§ TASK BRIEF: After locating the line that contains "Fototapeta na wymiar" in the data below, set down exactly that line and each one after it through the line that contains "a log cabin", and nothing more.

#### RECORDS FOR THIS TASK

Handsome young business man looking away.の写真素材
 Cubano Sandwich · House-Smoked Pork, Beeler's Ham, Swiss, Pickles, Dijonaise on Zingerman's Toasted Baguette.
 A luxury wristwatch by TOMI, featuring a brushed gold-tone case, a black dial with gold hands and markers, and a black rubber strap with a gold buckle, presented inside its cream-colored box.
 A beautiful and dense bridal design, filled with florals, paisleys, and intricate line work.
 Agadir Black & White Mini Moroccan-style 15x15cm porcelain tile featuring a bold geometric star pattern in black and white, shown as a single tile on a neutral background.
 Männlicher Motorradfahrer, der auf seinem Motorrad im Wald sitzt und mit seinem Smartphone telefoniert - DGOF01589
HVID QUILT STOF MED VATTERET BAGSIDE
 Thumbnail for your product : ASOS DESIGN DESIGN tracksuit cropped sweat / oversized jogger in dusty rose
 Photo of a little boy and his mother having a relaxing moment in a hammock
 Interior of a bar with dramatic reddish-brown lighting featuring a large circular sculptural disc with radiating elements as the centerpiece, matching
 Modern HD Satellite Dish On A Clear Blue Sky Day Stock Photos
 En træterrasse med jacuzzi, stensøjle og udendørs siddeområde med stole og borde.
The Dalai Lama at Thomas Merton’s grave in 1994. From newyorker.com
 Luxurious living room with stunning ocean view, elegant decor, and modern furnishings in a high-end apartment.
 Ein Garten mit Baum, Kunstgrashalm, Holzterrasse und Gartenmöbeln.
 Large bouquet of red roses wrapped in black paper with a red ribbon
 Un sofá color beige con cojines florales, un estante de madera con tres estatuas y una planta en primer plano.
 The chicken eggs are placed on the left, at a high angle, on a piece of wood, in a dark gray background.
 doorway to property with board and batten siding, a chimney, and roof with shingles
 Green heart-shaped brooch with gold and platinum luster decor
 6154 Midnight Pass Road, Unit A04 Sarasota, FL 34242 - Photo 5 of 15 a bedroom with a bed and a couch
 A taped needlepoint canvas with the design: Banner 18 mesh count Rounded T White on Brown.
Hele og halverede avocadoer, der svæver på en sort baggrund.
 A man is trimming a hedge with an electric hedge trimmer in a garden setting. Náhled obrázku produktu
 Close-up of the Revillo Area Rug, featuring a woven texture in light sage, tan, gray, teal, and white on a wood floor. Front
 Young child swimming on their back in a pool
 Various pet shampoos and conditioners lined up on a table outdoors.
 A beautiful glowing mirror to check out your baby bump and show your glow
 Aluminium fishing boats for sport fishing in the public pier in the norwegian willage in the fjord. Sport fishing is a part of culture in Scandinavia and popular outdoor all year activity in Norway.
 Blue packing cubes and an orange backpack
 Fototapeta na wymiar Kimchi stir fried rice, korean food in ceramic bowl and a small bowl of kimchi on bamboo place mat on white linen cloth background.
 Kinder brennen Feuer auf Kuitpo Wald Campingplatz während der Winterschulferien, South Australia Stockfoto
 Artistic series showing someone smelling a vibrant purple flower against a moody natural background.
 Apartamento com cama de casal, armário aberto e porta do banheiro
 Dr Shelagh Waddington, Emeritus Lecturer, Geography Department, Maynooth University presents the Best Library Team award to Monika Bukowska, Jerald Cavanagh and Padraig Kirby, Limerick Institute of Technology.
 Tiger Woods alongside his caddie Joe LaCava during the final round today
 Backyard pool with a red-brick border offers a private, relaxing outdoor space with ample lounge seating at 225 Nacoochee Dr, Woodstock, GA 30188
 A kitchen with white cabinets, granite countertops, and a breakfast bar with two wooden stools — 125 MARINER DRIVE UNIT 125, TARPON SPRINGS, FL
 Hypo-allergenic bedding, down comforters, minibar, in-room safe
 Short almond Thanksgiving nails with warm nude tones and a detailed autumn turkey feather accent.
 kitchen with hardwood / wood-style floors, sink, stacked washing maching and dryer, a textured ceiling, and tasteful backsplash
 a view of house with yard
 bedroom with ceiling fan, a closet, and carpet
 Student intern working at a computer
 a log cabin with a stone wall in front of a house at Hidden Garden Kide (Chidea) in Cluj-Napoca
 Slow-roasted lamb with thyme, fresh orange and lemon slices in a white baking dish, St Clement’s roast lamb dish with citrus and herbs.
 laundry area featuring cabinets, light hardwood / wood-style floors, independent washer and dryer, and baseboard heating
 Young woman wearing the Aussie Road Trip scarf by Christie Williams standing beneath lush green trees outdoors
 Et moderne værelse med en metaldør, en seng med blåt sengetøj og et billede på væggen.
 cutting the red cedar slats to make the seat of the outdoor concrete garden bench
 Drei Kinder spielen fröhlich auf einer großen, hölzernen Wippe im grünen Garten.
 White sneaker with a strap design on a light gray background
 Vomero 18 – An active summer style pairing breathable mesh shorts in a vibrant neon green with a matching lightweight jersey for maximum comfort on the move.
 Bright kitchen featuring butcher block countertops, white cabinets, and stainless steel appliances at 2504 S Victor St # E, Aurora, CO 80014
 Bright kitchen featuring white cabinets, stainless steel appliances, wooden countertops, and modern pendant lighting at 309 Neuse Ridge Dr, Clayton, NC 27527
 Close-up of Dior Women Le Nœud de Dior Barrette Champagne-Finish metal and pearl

########

§ EXERCISE RESPONSE:
 Fototapeta na wymiar Kimchi stir fried rice, korean food in ceramic bowl and a small bowl of kimchi on bamboo place mat on white linen cloth background.
 Kinder brennen Feuer auf Kuitpo Wald Campingplatz während der Winterschulferien, South Australia Stockfoto
 Artistic series showing someone smelling a vibrant purple flower against a moody natural background.
 Apartamento com cama de casal, armário aberto e porta do banheiro
 Dr Shelagh Waddington, Emeritus Lecturer, Geography Department, Maynooth University presents the Best Library Team award to Monika Bukowska, Jerald Cavanagh and Padraig Kirby, Limerick Institute of Technology.
 Tiger Woods alongside his caddie Joe LaCava during the final round today
 Backyard pool with a red-brick border offers a private, relaxing outdoor space with ample lounge seating at 225 Nacoochee Dr, Woodstock, GA 30188
 A kitchen with white cabinets, granite countertops, and a breakfast bar with two wooden stools — 125 MARINER DRIVE UNIT 125, TARPON SPRINGS, FL
 Hypo-allergenic bedding, down comforters, minibar, in-room safe
 Short almond Thanksgiving nails with warm nude tones and a detailed autumn turkey feather accent.
 kitchen with hardwood / wood-style floors, sink, stacked washing maching and dryer, a textured ceiling, and tasteful backsplash
 a view of house with yard
 bedroom with ceiling fan, a closet, and carpet
 Student intern working at a computer
 a log cabin with a stone wall in front of a house at Hidden Garden Kide (Chidea) in Cluj-Napoca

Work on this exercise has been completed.